La enorme ola arremetió contra el barco, la nueva sacudida lo lanzó hacia un enorme charco que se había formado en el piso. Alzó la mirada y pudo ver como parte del tronco del mástil estaba sobre la entrada de su camarote, lo cual pensó, dificultaría su salida; su instinto animal le ordenaba que debería pelear por su vida, la muerte estaba en cubierta.

Colocando ambas manos en el centro del tronco y apoyando firmemente los pies en el resbaloso escalón, Manuel de Mendoza empujó y aplicó su fuerza física como nunca antes lo había hecho, al menos así lo pensó; el tronco empezó a moverse apenas unos centímetros para luego, con asombrosa ligereza, desplazarse hacia uno de los lados y dejar libre la salida.

En cubierta lo difícil era mantenerse en pie, era vital tener algo donde sujetarse, la fuerza del oleaje que pasaba sin dificultad por sobre la nave, de vez en vez arrastraba a algún marinero, el cual una vez que pasaba la ola desaparecía irremediablemente entre la inmensidad azul del mar.

El piso de madera crujía cada vez más, una nueva ola arrastro consigo a más de 10 marineros que intentaban levantar un enorme tronco destruido por el fuerte viento y olas. La ola los lanzó en diversas direcciones, algunos fueron a estrellarse y despedazarse con la barandilla de la nave, otros fueron levantados con tanta furia por las olas que simplemente desaparecieron en el aire.

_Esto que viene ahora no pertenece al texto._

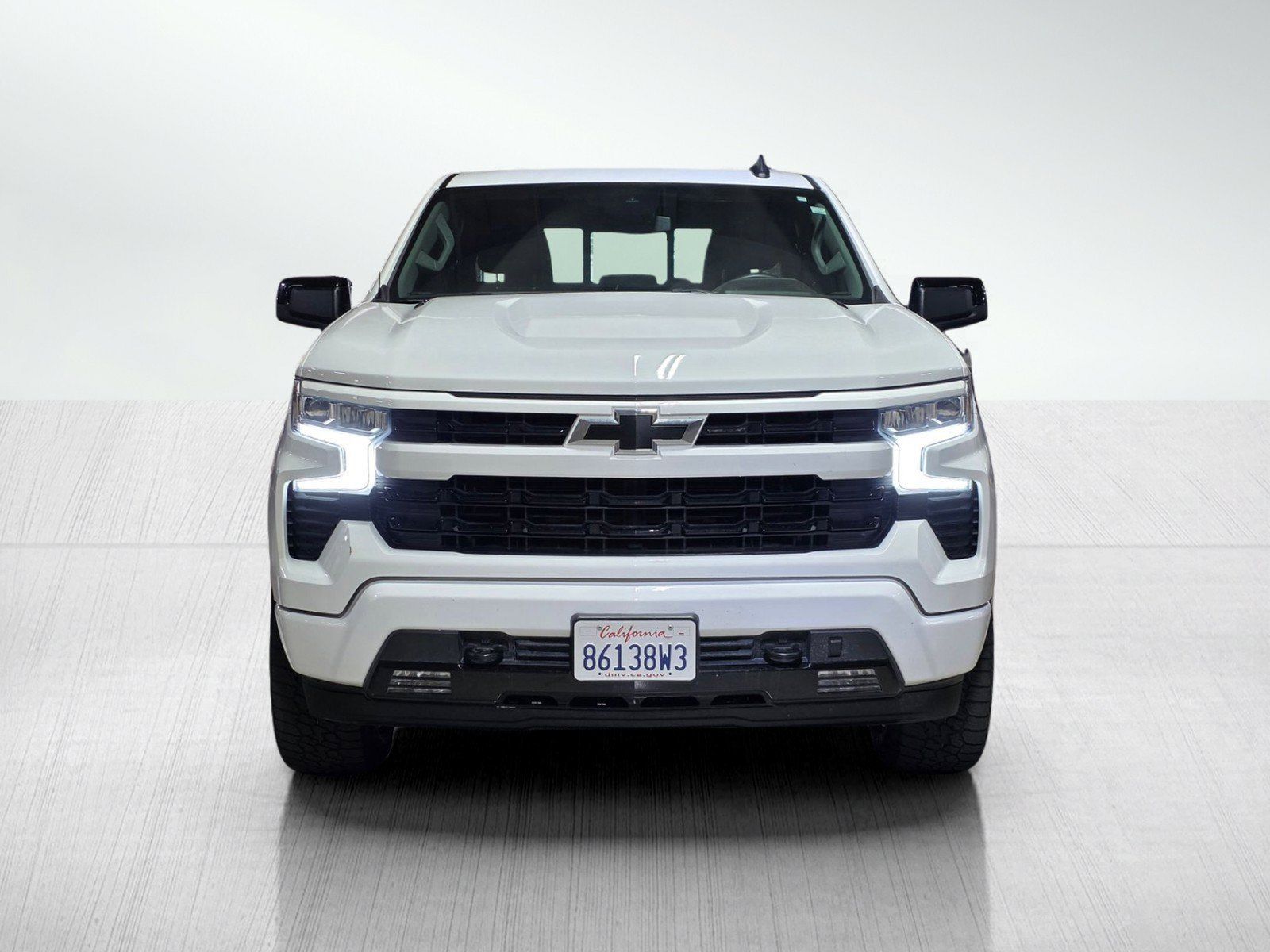 Used 2024 Chevrolet Silverado 1500 RST w/ Convenience Package II AWD/4WD image 2
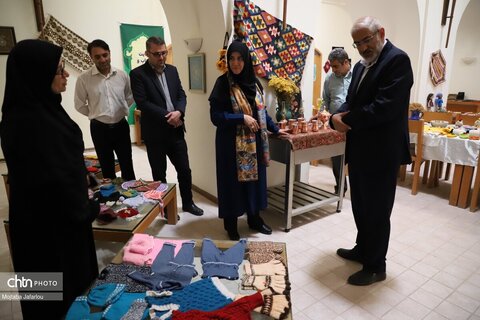 بازدید معاون صنایع‌دستی و هنرهای سنتی کشور از نمایشگاه صنایع‌دستی در چلبی اوغلو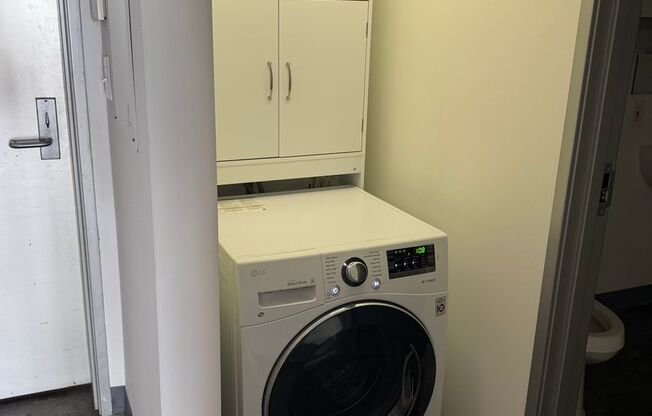 1 bed, 2 baths, 2,063 sqft, $5,499, Unit 108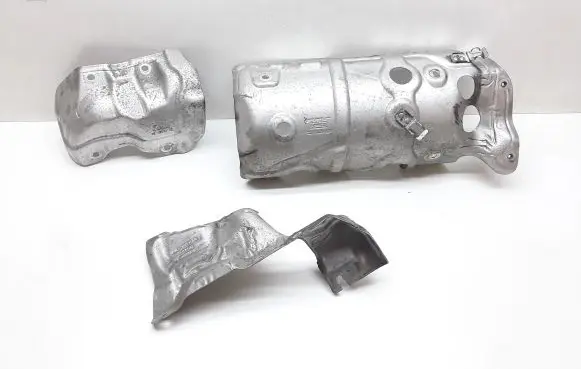 Volvo V40 Heat shield in engine bay AV619N454AB AV519N454KA AM519N454CC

Manuel como pudo se aferró a una gruesa soga la cual estaba atada a una argolla de hierro. Se ató a ella y se resignó a morir, sabía que iba a morir, no existía en su vida una situación similar, pensó en su madre, en su infancia, en sus recuerdos que como río empezaron a llegarle, supo que ese estado era el presagio de su partida, únicamente alcanzo a gritar:

Señor, aquí te entrego mi alma, perdona mis pecados, perdóname por haber ofendido, perdóname por no dar ayuda a quienes me lo solicitaron. Perdóname Señor.

Momentos después, milagrosamente cesaron las olas, las gruesas nubes empezaron a aligerar su color y se empezó a sentir un leve calor y brisa que acariciaba suavemente sus rostros. Algunos hombres arrodillados agradecían a Jesucristo su infinita bondad al permitirles sobrevivir a tan devastadora tormenta. Manuel de Mendoza intentaba quitarse de encima la enorme cuerda enrollada en su cuerpo, lo cual sin duda había ayudado a salvarle la vida, la soga lo mantuvo fijo y sin que se estrellara contra la cubierta en las repetidas series de olas que los sacudieron.

Sobre la cubierta destrozada de la nave, un hombre rubio empezaba a dar una serie de órdenes que iban desde que hacer con los heridos hasta que acciones inmediatas se habrían de llevar a cabo para poner en marcha y con rumbo a la embarcación. Su increíble capacidad para organizar y dirigir se hicieron evidentes, todos acataron sus instrucciones, desde ese momento, ante la muerte del capitán Ituarte y varios oficiales de la nave, Manuel de Mendoza se convirtió en el líder indiscutible de la travesía hacia la isla de la Española.

Fernando Manrique recogió el resto de los rollos de papel y emprendió el camino hacia el interior de su casa, un poderoso impulso le renovaba y prácticamente le ordenaba continuar leyendo tan insólitos manuscritos, en la intimidad de su alcoba, junto a su adorada compañera, pensó emocionado.